Often compilation or live records are things that are avoided because of their unorderly style when compared to a studio record, but no record or live record comes close to the magnificent display that is Stop Making Sense. The film itself is accompanied by one of the strongest scores to a movie that has more to do about the exhibition of sound and performance than it does the visualization.
The minimalist stage that is set by the Talking Heads illustrates and reflects nearly perfectly off of their outfits which are often rather natural cream colors or whites that are displayed by David Byrne from the first track. As he explains to a shouting and clapping audience, “Hi, I got a tape I wanna play,” then to have the TR-808 drum machine bumping in the background is a manipulation of the audience. With this acoustic guitar that is a shining example of track identity on “Psycho Killer,” Byrne is a master by his own hand. He explains, “You start a conversation, you can’t even finish it. You’re talking a lot, but you’re not saying anything” with these sudden breaks in electronic percussion that act almost as if they were gunshots through the sound.
As a record, Stop Making Sense is an imaginative performance stretched over the conscious of nine different members who bounce in and out of the tracks forming this grasp on the audience. The film portions are a better understanding of how the looks come with the sound, capturing brighter and more recognizable traits even if the Talking Heads were never introduced before. The musician craftsmanship is entirely influential as tracks like “Thank You For Sending Me An Angel,” or “Burning Down The House” which are staples in the discography that still reign today.

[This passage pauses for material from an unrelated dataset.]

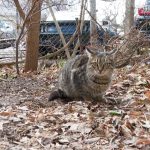 Варна стартира мащабна кампания за кастрация на бездомни котки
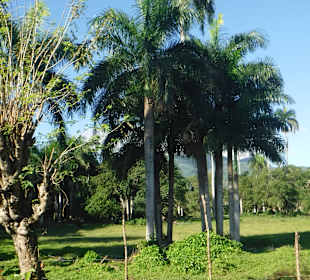 Bacardi Insel - Isla Cayo Levantado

Stop Making Sense uses Tina Weymouth, Chris Frantz, Jerry Harrison, Steve Scales, Alex Weir, and Bernie Worrell as the instrumentalists, then Lynn Mabry, and Ednah Holt as the backing vocalists as well as the rest of the cast. Every musician here has a vital role even when providing just harmonization or adding extra fill-in for the guitar sections. The way that Talking Heads were able to form a monster of nine-heads as this conquering machine of intrigue and performance art is admirable and cascades throughout history as time continues.

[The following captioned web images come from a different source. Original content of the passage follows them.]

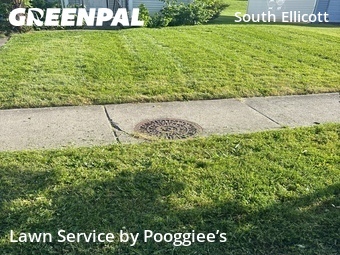 Landscape Design In Buffalo,14210,Landscaping Renovation by Pooggiee’s, work completed in Jun , 2026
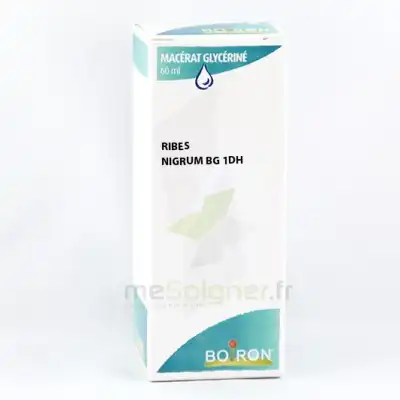 Ribes Nigrum Bg 1dh Flacon Mg 60ml à Plaisir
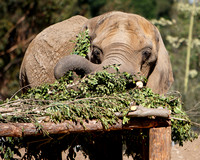 Tembo Savors Every Morsel of Browse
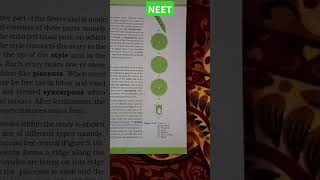 MORPHOLOGY OF FLOWERING PLANTS placentation typeMarginalAxileParietalFree central Basal neet [upl. by Anifares]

One of the final moments when the band reaches “Take Me To The River,” the track creates an ensemble of togetherness as a clear final cut wrap to Stop Making Sense. Often identified for the large, oversized suits that covered the shoulders of Byrne, or the outstanding powerhouse of expression; in any way, Stop Making Sense captures the essence of capability for a live record and how potential can be used to uplift a generation.